Other Brute Enemies.

Nor were the bears their only brute enemies. The rattlesnakes were often troublesome. Unlike the bears, the wolves were generally timid, and preyed only on the swarming game: but one night a wolf crept into camp and seized a sleeper by the hand; when driven off he jumped upon another man, and was shot by a third. A less intentional assault was committed by a buffalo bull which one night blundered past the fires, narrowly escaped trampling on the sleepers, and had the whole camp in an uproar before it rushed off into the darkness. When hunted the buffalo occasionally charged; but there was not much danger in their chase.

The Scourge of Mosquitos.

All these larger foes paled into insignificance compared with the mosquitos. There are very few places on earth where these pests are so formidable as in the bottom lands of the Missouri, and for weeks and even months they made the lives of our explorers a torture. No other danger, whether from hunger or cold, Indians or wild beasts, was so dreaded by the explorers as these tiny scourges.

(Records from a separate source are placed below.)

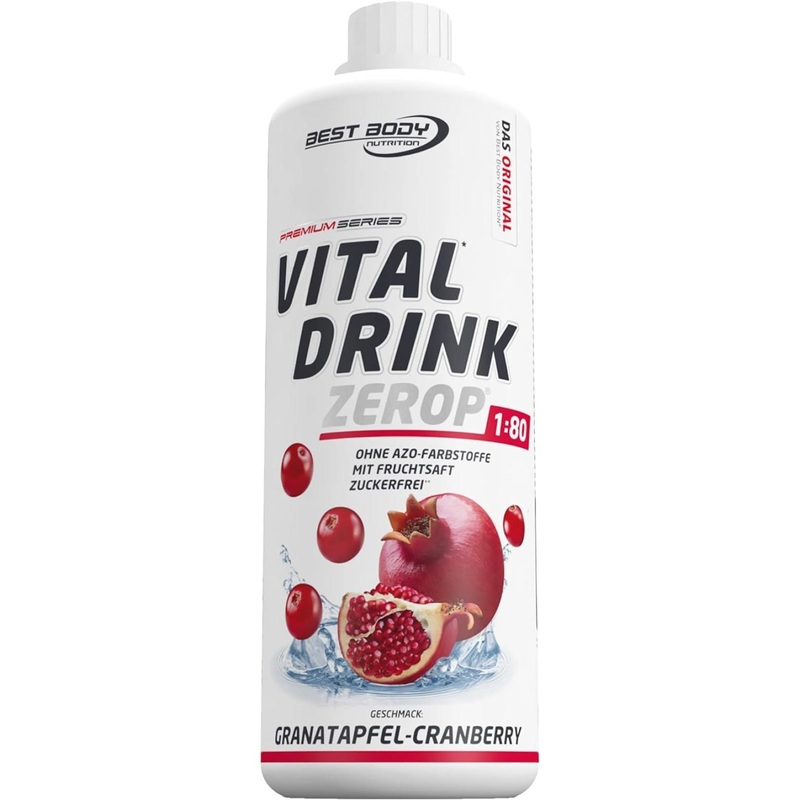 Best Body Nutrition Vital Drink Zerop – Sugar-Free Pomegranate Cranberry Syrup Concentrate (1000ml) – 80 Liters of Refreshing Beverage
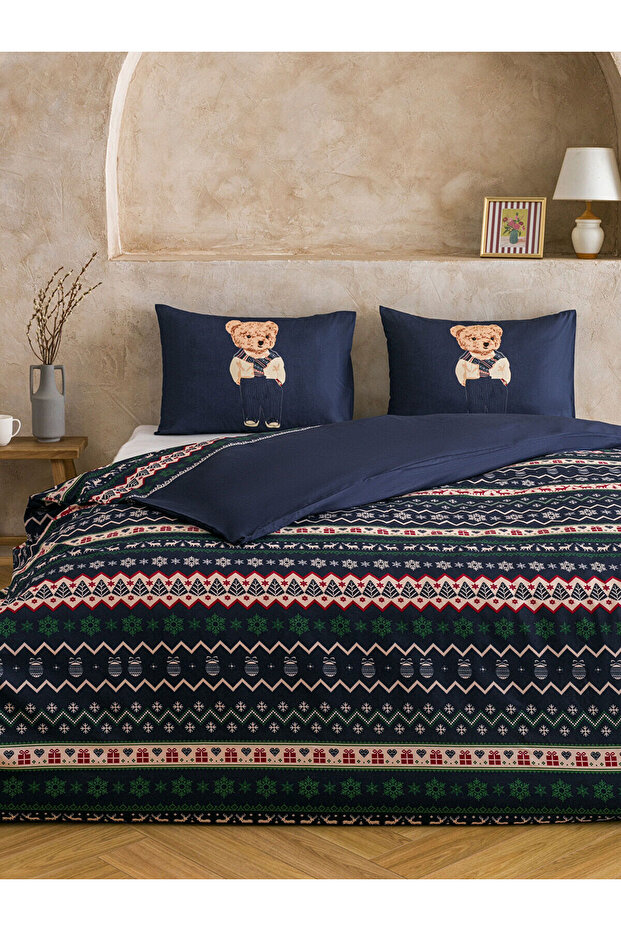 Vizyon New Season Bear Teddy Printed Double Duvet Cover Set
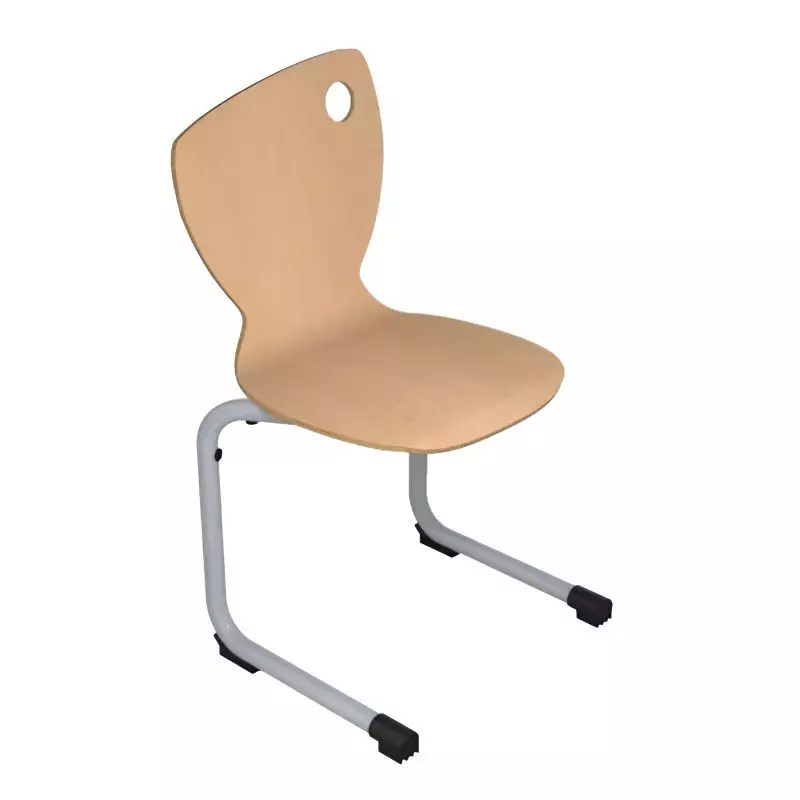 Chaise scolaire en bois appui sur table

Pleasant Life in the Plains Country.

In the Plains country the life of the explorers was very pleasant save only for the mosquitos and the incessant clouds of driving sand along the river bottoms. On their journey west through these true happy hunting grounds they did not meet with any Indians, and their encounters with the bears were only just sufficiently dangerous to add excitement to their life. Once or twice they were in peril from cloud bursts, and they were lamed by the cactus spines on the prairie, and by the stones and sand of the river bed while dragging the boats against the current; but all these trials, labors, and risks were only enough to give zest to their exploration of the unknown land. At the Great Falls of the Missouri they halted, and were enraptured with their beauty and majesty; and here, as everywhere, they found the game so abundant that they lived in plenty. As they journeyed up-stream through the bright summer weather, though they worked hard, it was work of a kind which was but a long holiday. At nightfall they camped by the boats on the river bank. Each day some of the party spent in hunting, either along the river bottoms through the groves of cottonwoods with shimmering, rustling leaves, or away from the river where the sunny prairies stretched into seas of brown grass, or where groups of rugged hills stood, fantastic in color and outline, and with stunted pines growing on the sides of their steep ravines. The only real suffering was that which occasionally befell someone who got lost, and was out for days at a time, until he exhausted all his powder and lead before finding the party.

Crossing the Mountains.

Fall had nearly come when they reached the head-waters of the Missouri. The end of the holiday-time was at hand, for they had before them the labor of crossing the great mountains so as to strike the head-waters of the Columbia. Their success at this point depended somewhat upon the Indian wife of the Frenchman who had joined them at Mandan. She had been captured from one of the Rocky Mountains tribes and they relied on her as interpreter. Partly through her aid, and partly by their own exertions, they were able to find, and make friends with, a band of wandering Shoshones, from whom they got horses. Having cached their boats and most of their goods they started westward through the forest-clad passes of the Rockies; before this they had wandered and explored in several directions through the mountains and the foot-hills. The open country had been left behind, and with it the time of plenty. In the mountain forests the game was far less abundant than on the plains and far harder to kill; though on the tops of the high peaks there was one new game animal, the white antelope-goat, which they did not see, though the Indians brought them hides. The work was hard, and the party suffered much from toil and hunger, living largely on their horses, before they struck one of the tributaries of the Snake sufficiently low down to enable them once more to go by boat.

The Indians they Met.

They now met many Indians of various tribes, all of them very different from the Indians of the Western Plains. At this time the Indians both east and west of the Rockies, already owned numbers of horses. Although they had a few guns, they relied mainly on the spears and tomahawks, and bows and arrows with which they had warred and hunted from time immemorial; for only the tribes on the outer edges had come in contact with the whites, whether with occasional French and English traders who brought them goods, or with the mixed bloods of the northern Spanish settlements, upon which they raided. Around the mouth of the Columbia, however, the Indians knew a good deal about the whites; the river had been discovered by Captain Gray of Boston thirteen years before, and ships came there continually, while some of the Indian tribes were occasionally visited by traders from the British fur companies.